Nestled within the scarcely patrolled, mountainous regions that straddle the Afghanistan-Pakistan border is part of what is known as the Golden Crescent. Within the hilly confines of Mizoram in India, geographically guarded fields grow opium poppies aplenty – enough to supply the ever-expanding markets throughout Africa, Europe and the West with the vital cash crop to make heroin.

It is among areas like these where millions of addictions are birthed, along with the millions more lives these addictions have shattered. And now this long, lurid trail of heroin, from harvest to product, has found a new transit hub – Mombasa, Kenya. 

Mombasa is the largest port in Kenya, strung along the coastline facing the Indian Ocean, and functions as the maritime gateway to most of Eastern Africa and throughout the continent. Yet this coastline is poorly monitored and the port itself is wrought with corruption – both of which provide ample opportunities for drug smugglers to exploit gaps in enforcement to broaden their network.

Millions of cargo freights fly into this East African port per year, making policing the port, even with the most optimal levels of enforcement, incredibly difficult. A true solution for the problem would require an increased amount of international cooperation to address the heroin trade and the networks that fuel it.

And that network begins far from the bustling port in Kenya. It begins in Pakistan, 4736 kilometers away, where poppies are both grown and processed to make the illicit and highly addictive drug. 

According to Cultural Survival Quarterly, “Pakistan has become a key country for the heroin trade; it is not only a producer but a conduit.” Much of the heroin produced in Pakistan is smuggled primarily through India or Sri Lanka.

Part of what makes this route a fortuitous one for drug smugglers is the decades-long cold war that exists between the governments of Pakistan and India, which makes international cooperation between the two countries stretch from contentious, to hostile, to downright nonexistent. Relations between the two nations remain at an impasse, even in the face of a surge of heroin and opioid addiction in India.

Efforts to stem the tide of heroin coming from Pakistan are hampered by a number of challenges. Pakistan has next to no ability to police the regions where the poppies are grown and processed.

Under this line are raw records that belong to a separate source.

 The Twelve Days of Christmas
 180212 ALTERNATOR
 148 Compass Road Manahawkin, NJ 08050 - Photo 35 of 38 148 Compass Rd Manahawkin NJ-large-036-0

In areas like Mahaban Mountain, within the Northwest Frontier Province, tribalism is the rule of law. These tribes are part of confederacy, primarily Pushtun, but also comprised of the Jaboon and Yusafzai tribes who meter out laws according to a centuries-old tradition known as Pashtunwali.

Here, the laws of the central government in Islamabad have little if any governance. According to R.C. Jiloha and Bhim Sain, authors of From Drug to Dragon, “By 1984, European police concluded that 70 percent of the world’s supply of high-grade heroin,” comes from Pakistan.

Even if the tribal leaders exerted efforts to curtail the flow of heroin production in the province, the traffickers, located in the town of Gandaf at the base of the mountain, would apply enough pressure and intimidation to local tribal ruling bodies to make certain the heroin would flow unimpeded. 

Mountainous terrain is ideal for growing opium poppies, which does not require the same rich soil needed for other forms of agriculture, and the lucrativeness of poppy harvests far surpass crops like wheat. The same holds true for the hilly topography of Mizoram Mountain, located in Northeast India and bordering Myanmar, which has allowed this area to become another key source of poppy cultivation outside the so-called Golden Crescent.

And like the tribal regions in Pakistan, the Indian government has little ability to provide adequate enforcement and seizure measures in this area. Most of the drug enforcement and seizures come by way of Christian-based organizations, like Young Mizo Association (YMA), that have been granted this authority by New Delhi.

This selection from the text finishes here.